浄土宗開祖・法然(1133〜1212)は、鎌倉新仏教の先駆者であり、日本仏教史上最大の革命児である。法然の革命はどれだけ強調してもしきれない。日本の仏教は法然以前・以後に分けられるといってもよい。法然は「称名念仏」によって、仏教とは宗教とは本来誰を救うものなのかを示したのである。

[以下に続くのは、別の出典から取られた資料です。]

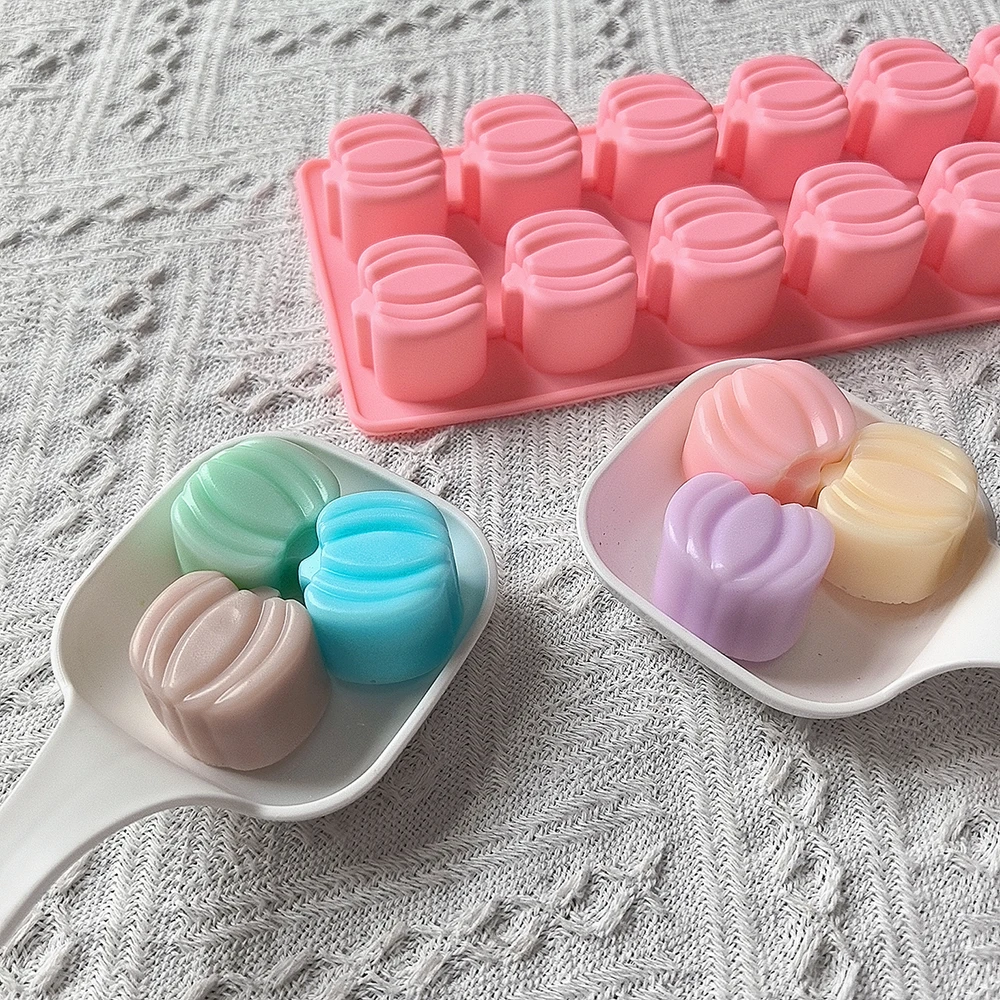 1pc 12-Cavity Pumpkin Shaped Silicone Mold for DIY Biscuits, Candy, Chocolate, Desserts, Cake Decoration, and Kitchen Baking, Flexible Food-Grade Non-Stick Mold for Creative Home Baking, Party Treats, and Holiday Desserts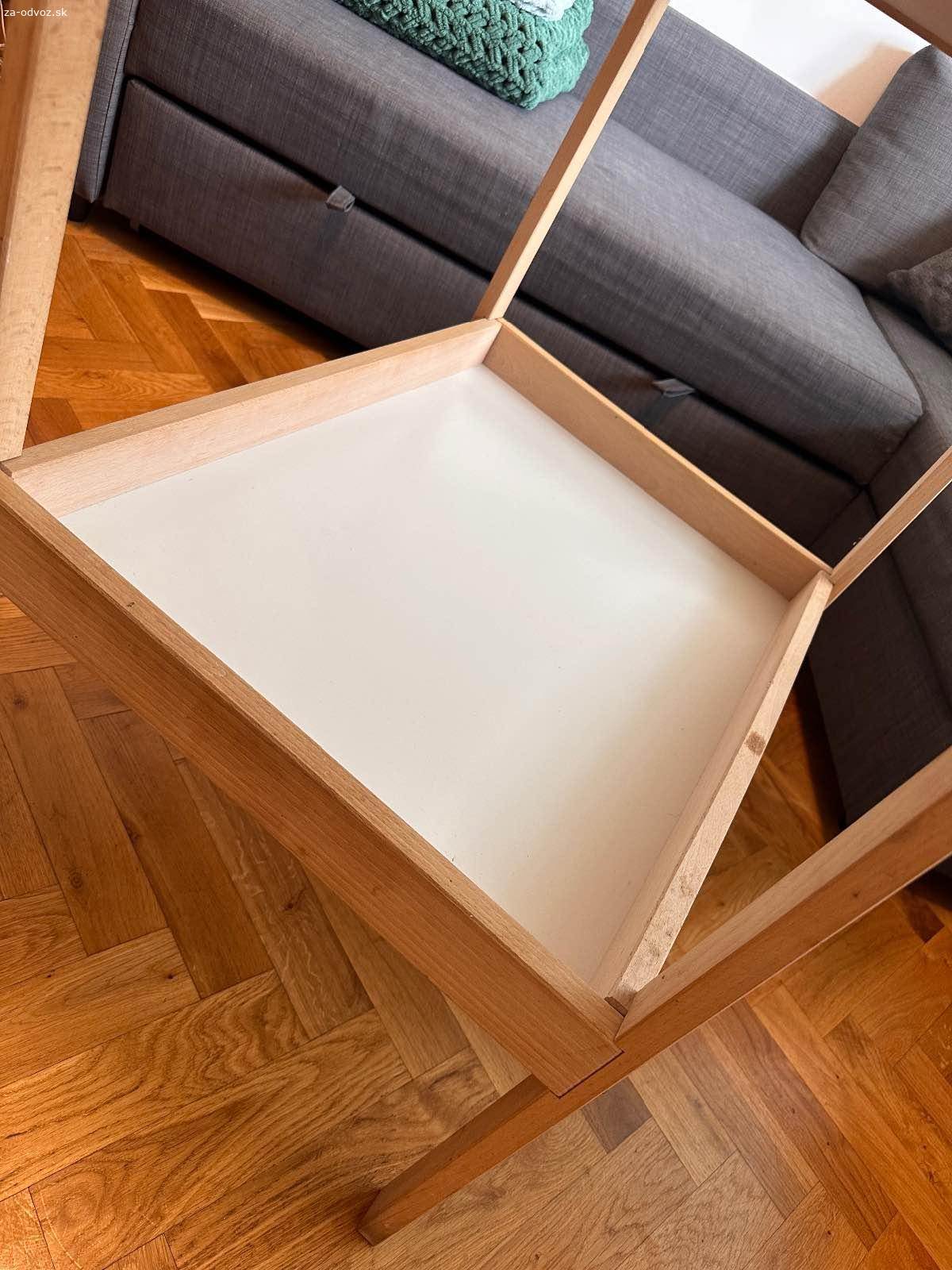 Prebaľovací pult IKEA. Darujem za odvoz prebaľovací pult IKEA v dobrom stave. K tomu vešiačiky a závesné nádobky. K poduške sú 2 obliečky ale už trošku fľakaté. Poduška má vrchný a spodný obvod už sfuknutý :/
Pult používame stále, ale už to chceme posunút.
Rozmer: výska 86,5 cm x šírka 53,5 cm x hrubka 72cm.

日本仏教最大の革命児の法然 法然の以前以後で大きく異なる日本仏教

法然以前は観想念仏 法然以後は称名念仏

法然は「阿弥陀仏に帰依する」という意の「南無阿弥陀仏」の念仏を唱えれば、身分が低くても、悪人であろうと、誰でも死後、極楽浄土に往生できるという「専従念仏」の道を説いた。難解な哲学も過酷な修行も厳格な倫理も道徳もいらない。念仏のみで救われるのである。
この口で称える念仏を「称名念仏」または「口称念仏」という。法然以前の念仏は「観無量寿経」に示されている「観想念仏」のことであった。阿弥陀仏の御姿や極楽浄土の情景をイメージし、目を閉じただけで阿弥陀仏や極楽が現れるようになると、臨終の際に阿弥陀仏が来迎して極楽往生できるというものである。既に日本に定置していた密教ではイメージを用いた瞑想の技法が豊富で、観想念仏もそうした瞑想技法の一種といえる。しかし観想念仏は簡単ではない。イメージを使うのは熟練が必要である。このために死後の往生を願う平安貴族は、平等院鳳凰堂など極楽浄土をイメージした建物や仏像などを建立した。貴族たちはこれらの建物や仏像などを、極楽浄土を観想するための一助としたのだ。寺の建立などという金も手間もかかる事をしたのは、観想念仏がいかに難しい行であるかを示している。もちろんこのようなことは極一部の特権階級にしかできない。寺は無くとも極楽浄土の情景を描く「阿弥陀経」などもあるにはあるが、民衆のほとんどは文字など読めず、経典を聞かせてあげるしかない。聞いたとしても極楽浄土の荘厳な光景を貧しい農民に想像できるだろうか。要するに金も時間も教養も無い、ただただ毎日の生活を田畑を耕して終わる農民らに観想念仏をすることはできない。極楽往生などできないのである。この世に生きていることすら苦しいのに、あの世での安息の保証も無い。それが本当に仏の教えなのだろうか。仏の慈悲は民衆には届かないのか。法然の主著「選択本願念仏集」にはこうある。

法然の主著「選択本願念仏集」

―もしそれ造像起塔をもって本願とすれば、貧窮困乏類は定んで往生の望を経たむ。しかも富貴の者は少なく、貧賤の者は甚だ多しー

もし仏像や寺院を建立することが仏の説く往生への道だとすれば、貧しい人たちは往生できない。そのようなことができる裕福な人は少なく、貧しい人は多いからである。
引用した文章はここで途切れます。